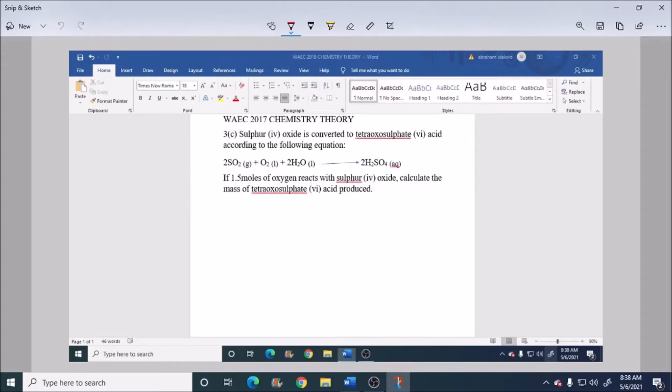Hello, welcome to T-Classified. Today I will be solving WAEC 2017 chemistry theory question 3C.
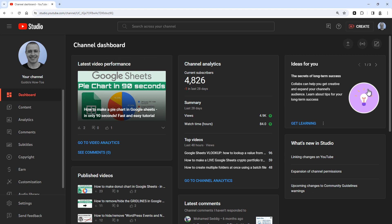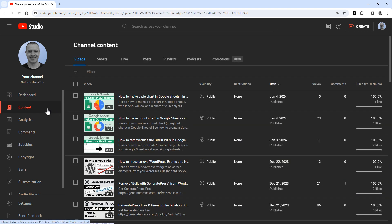Next click content in the sidebar on the left. Now find the video you want to make private or unlisted. You can search for a specific video by typing the name here.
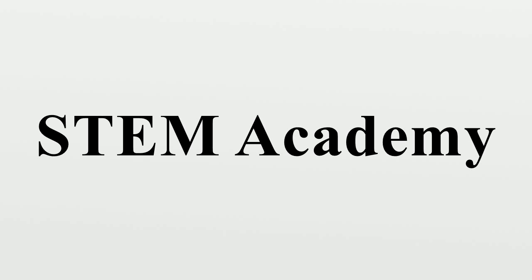STEM Academy, Islington, London, England. Knox County STEM Academy, a magnet high school in Knoxville, Tennessee.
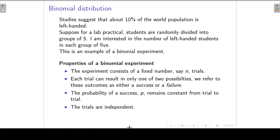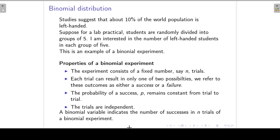The properties of a binomial experiment are: first of all, the experiment consists of a fixed number of trials. Each trial can result in only one of two possibilities, either a success or a failure. The probability of a success remains constant from trial to trial, and the trials are independent. So a binomial variable indicates the number of successes in n trials of a binomial experiment.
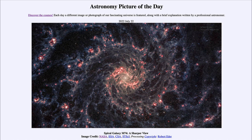That was our Astronomy Picture of the Day for July 22nd, 2022, titled Spiral Galaxy M74: A Sharper View. We'll be back again tomorrow for the next picture. Until then, have a great day everyone, and I will see you in class.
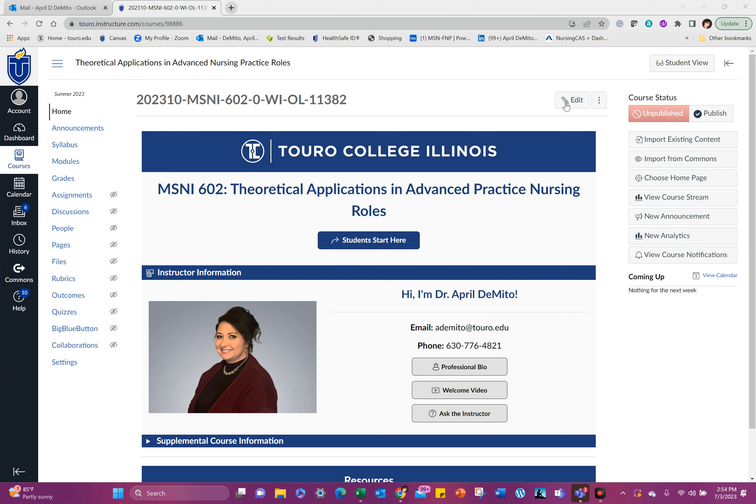Hi, everybody. I would like to welcome you to Nursing 602, Theoretical Applications in Advanced Practice Nursing Roles. In this course, you're going to continue to learn more about what it is to become an advanced practice nurse and the different theoretical applications that apply to the roles that advanced practice nurses take part in.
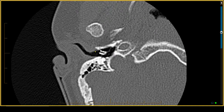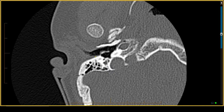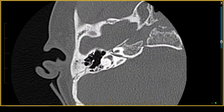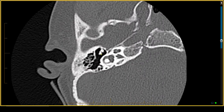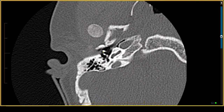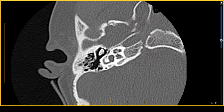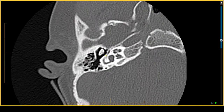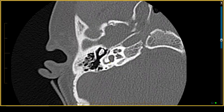The bony external auditory canal looks normal in its caliber. Looking at the ossicles, they look pretty good — there's the malleus, the incus, the neck of the malleus, the long process of the incus, the stapes footplate, and the incudostapedial joint. That all looks fine, so we can pass the middle ear.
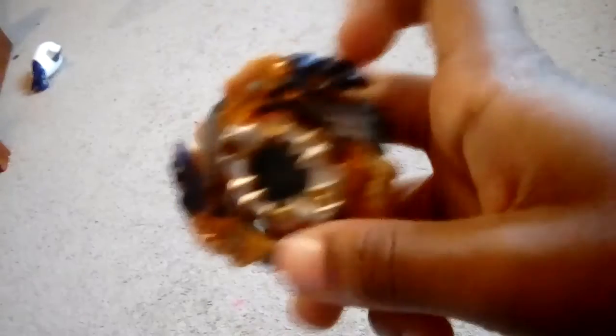This is my Bey, my main Bey, I should say. Geist Fefnir. And I fixed his Absorb Driver because it broke.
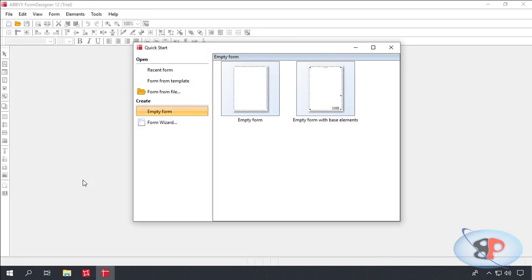Alright, so with that we have completed the installation of Abbey Flexi Capture 12 Distributed in an Enterprise Environment. I hope you enjoyed the series. Thank you for watching, and please don't forget to subscribe to my channel.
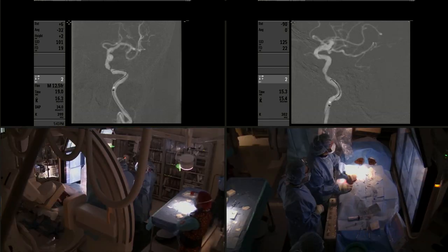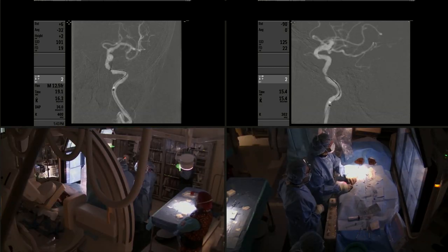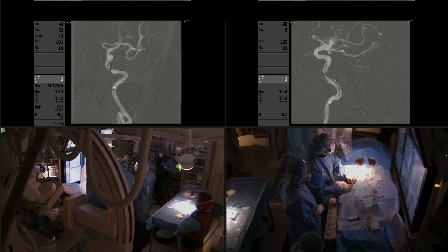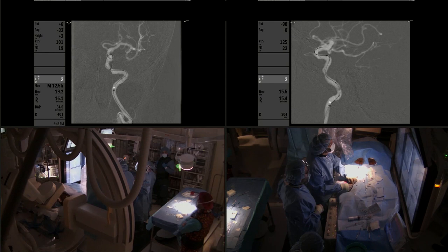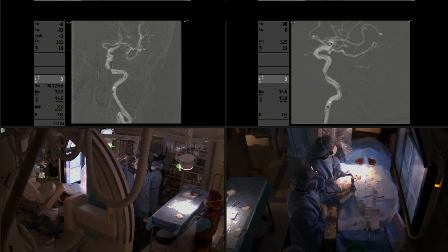We are very careful to make sure that we do not bend the tip of the delivery catheter. Now we're advancing the system. The microwire is already loaded with the balloon catheter.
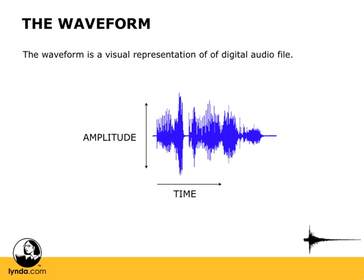The waveform is how we represent a digital audio file visually. You'll see a lot of waveforms when you start working with digital audio. It's basically what we work with the most in terms of editing, changing things around. And it shows a couple cool things. It shows amplitude along a y-axis and time along the x-axis.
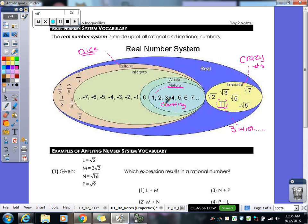Natural numbers are also called counting numbers. There's one little group that circles around the natural numbers with only one thing added: zero. That's how I remember whole numbers — zero looks like a whole. Whole numbers start with zero and go on to infinity, including all the natural or counting numbers.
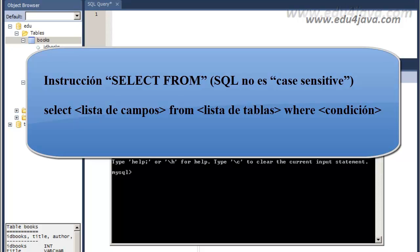I would like to highlight that SQL is not case sensitive. What does this mean? If we write SELECT in uppercase or lowercase, SQL language is not going to make a difference.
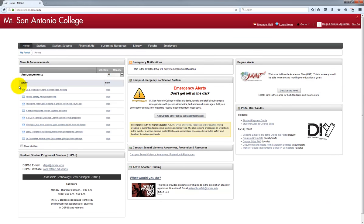Okay, now once you're logged into the portal, look for the eLearning resources tab towards the top of the page and go ahead and click on it.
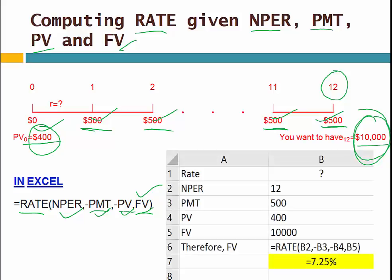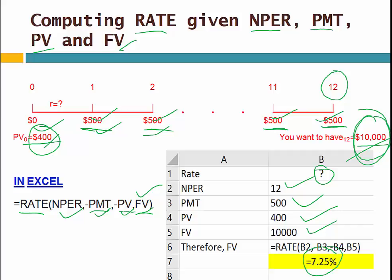So how would you do this in Excel? Everything else is given: number of period, payment, present value, and future value. Using Excel's RATE function, the interest rate that the bank should provide so that you will have $10,000 — given that you already have $400 and plan to deposit $500 for the next 12 years — works out to 7.25%.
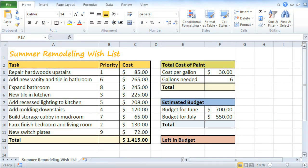Remember using formulas to calculate math problems in school, like 2 plus 2 equals 4, or 2 pizzas times $10 equals $20? Excel can use these same formulas to work with numerical data in your spreadsheets, just like a calculator.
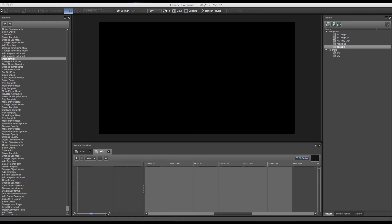Welcome to this tutorial about Grass Valley Channel Composer. In this tutorial we'll go over the creation of an animation template and animation format.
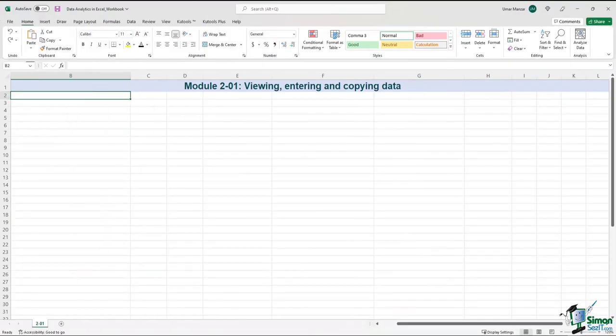Data entry is one of the most basic things we do in Excel, and it can be tedious at times. But there are some techniques, shortcuts, and a feature called AutoFill that will greatly assist. Before we begin, let's open our Excel workbook.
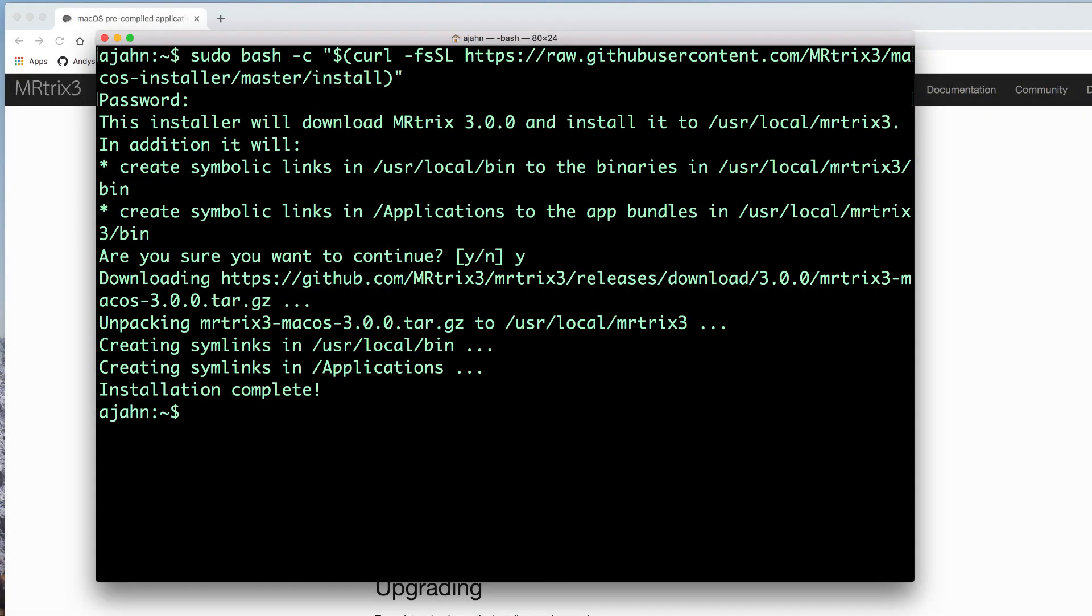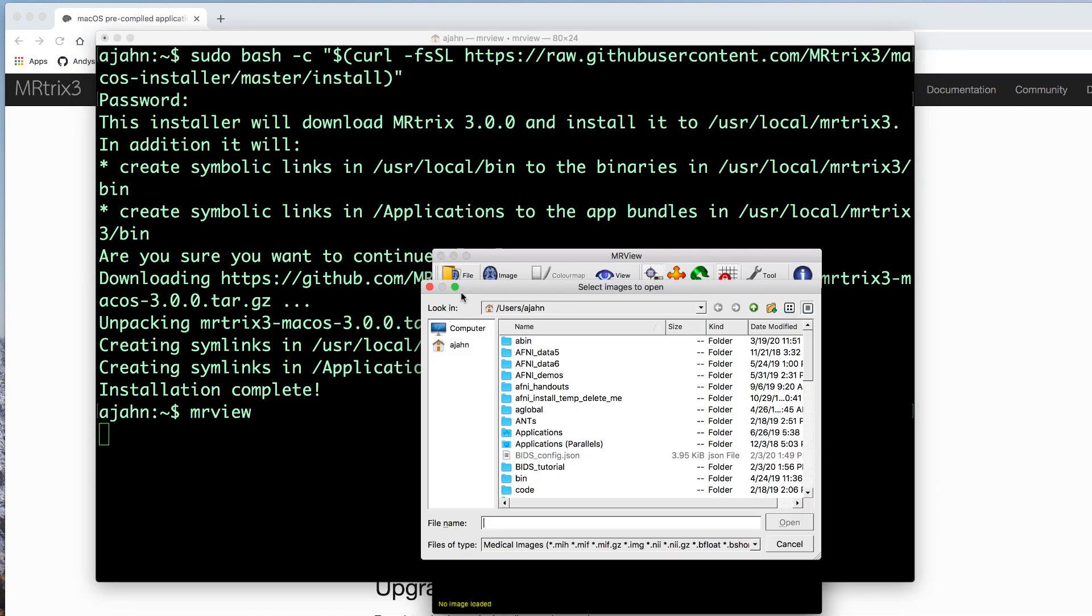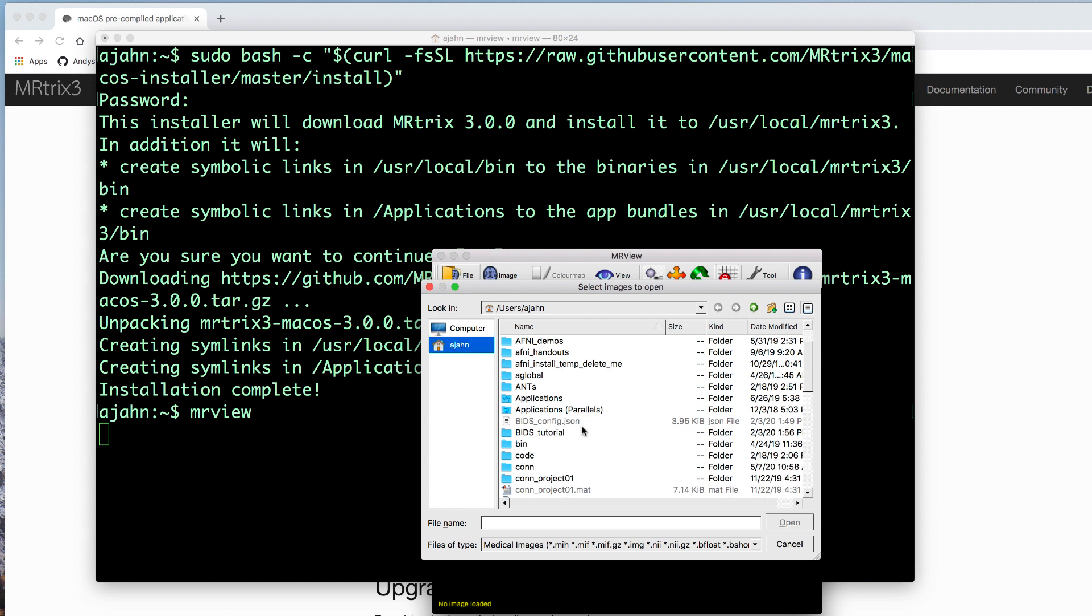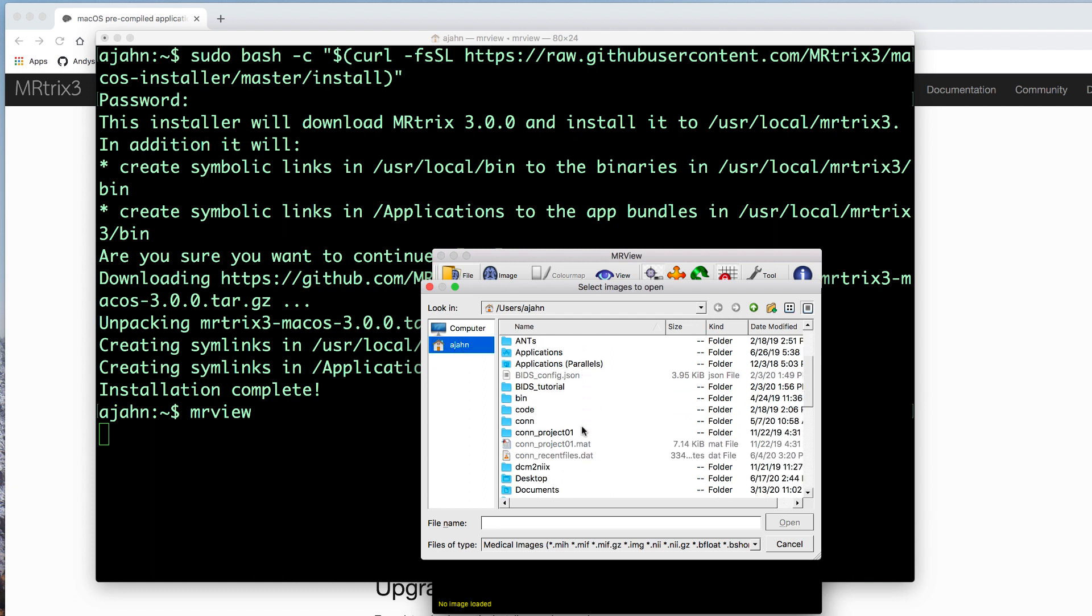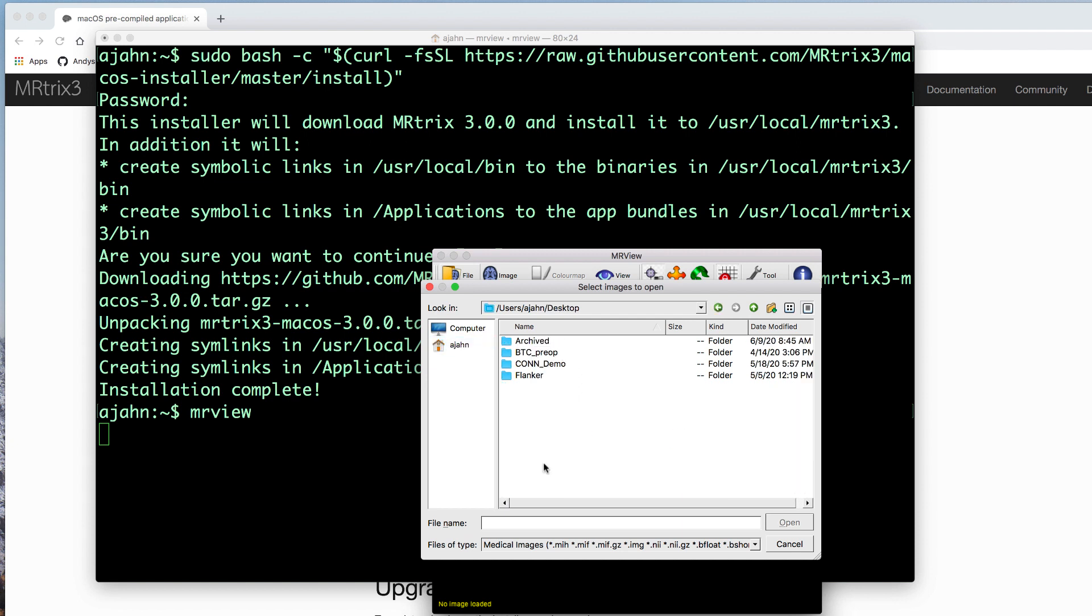Once it is downloaded, open a terminal and type the following to test your installation: MR-View. This opens the MR-TRIX image viewer, and you can open any nifty file you want. It could be a functional image, anatomical image, or diffusion-weighted image.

▶ _Work to be completed_:
Retype everything in the entries above exactly. The pictures are to be omitted.

▶ _Answer to the exercise_:
Hello, welcome to T-Classified. Today I will be solving WAEC 2017 chemistry theory question 3C.
Next click content in the sidebar on the left. Now find the video you want to make private or unlisted. You can search for a specific video by typing the name here.
STEM Academy, Islington, London, England. Knox County STEM Academy, a magnet high school in Knoxville, Tennessee.
The properties of a binomial experiment are: first of all, the experiment consists of a fixed number of trials. Each trial can result in only one of two possibilities, either a success or a failure. The probability of a success remains constant from trial to trial, and the trials are independent. So a binomial variable indicates the number of successes in n trials of a binomial experiment.
That was our Astronomy Picture of the Day for July 22nd, 2022, titled Spiral Galaxy M74: A Sharper View. We'll be back again tomorrow for the next picture. Until then, have a great day everyone, and I will see you in class.
Hi, everybody. I would like to welcome you to Nursing 602, Theoretical Applications in Advanced Practice Nursing Roles. In this course, you're going to continue to learn more about what it is to become an advanced practice nurse and the different theoretical applications that apply to the roles that advanced practice nurses take part in.
The bony external auditory canal looks normal in its caliber. Looking at the ossicles, they look pretty good — there's the malleus, the incus, the neck of the malleus, the long process of the incus, the stapes footplate, and the incudostapedial joint. That all looks fine, so we can pass the middle ear.
This is my Bey, my main Bey, I should say. Geist Fefnir. And I fixed his Absorb Driver because it broke.
Alright, so with that we have completed the installation of Abbey Flexi Capture 12 Distributed in an Enterprise Environment. I hope you enjoyed the series. Thank you for watching, and please don't forget to subscribe to my channel.
We are very careful to make sure that we do not bend the tip of the delivery catheter. Now we're advancing the system. The microwire is already loaded with the balloon catheter.
The waveform is how we represent a digital audio file visually. You'll see a lot of waveforms when you start working with digital audio. It's basically what we work with the most in terms of editing, changing things around. And it shows a couple cool things. It shows amplitude along a y-axis and time along the x-axis.
Natural numbers are also called counting numbers. There's one little group that circles around the natural numbers with only one thing added: zero. That's how I remember whole numbers — zero looks like a whole. Whole numbers start with zero and go on to infinity, including all the natural or counting numbers.
I would like to highlight that SQL is not case sensitive. What does this mean? If we write SELECT in uppercase or lowercase, SQL language is not going to make a difference.
Okay, now once you're logged into the portal, look for the eLearning resources tab towards the top of the page and go ahead and click on it.
So how would you do this in Excel? Everything else is given: number of period, payment, present value, and future value. Using Excel's RATE function, the interest rate that the bank should provide so that you will have $10,000 — given that you already have $400 and plan to deposit $500 for the next 12 years — works out to 7.25%.
Remember using formulas to calculate math problems in school, like 2 plus 2 equals 4, or 2 pizzas times $10 equals $20? Excel can use these same formulas to work with numerical data in your spreadsheets, just like a calculator.
Welcome to this tutorial about Grass Valley Channel Composer. In this tutorial we'll go over the creation of an animation template and animation format.
Data entry is one of the most basic things we do in Excel, and it can be tedious at times. But there are some techniques, shortcuts, and a feature called AutoFill that will greatly assist. Before we begin, let's open our Excel workbook.
Once it is downloaded, open a terminal and type the following to test your installation: MR-View. This opens the MR-TRIX image viewer, and you can open any nifty file you want. It could be a functional image, anatomical image, or diffusion-weighted image.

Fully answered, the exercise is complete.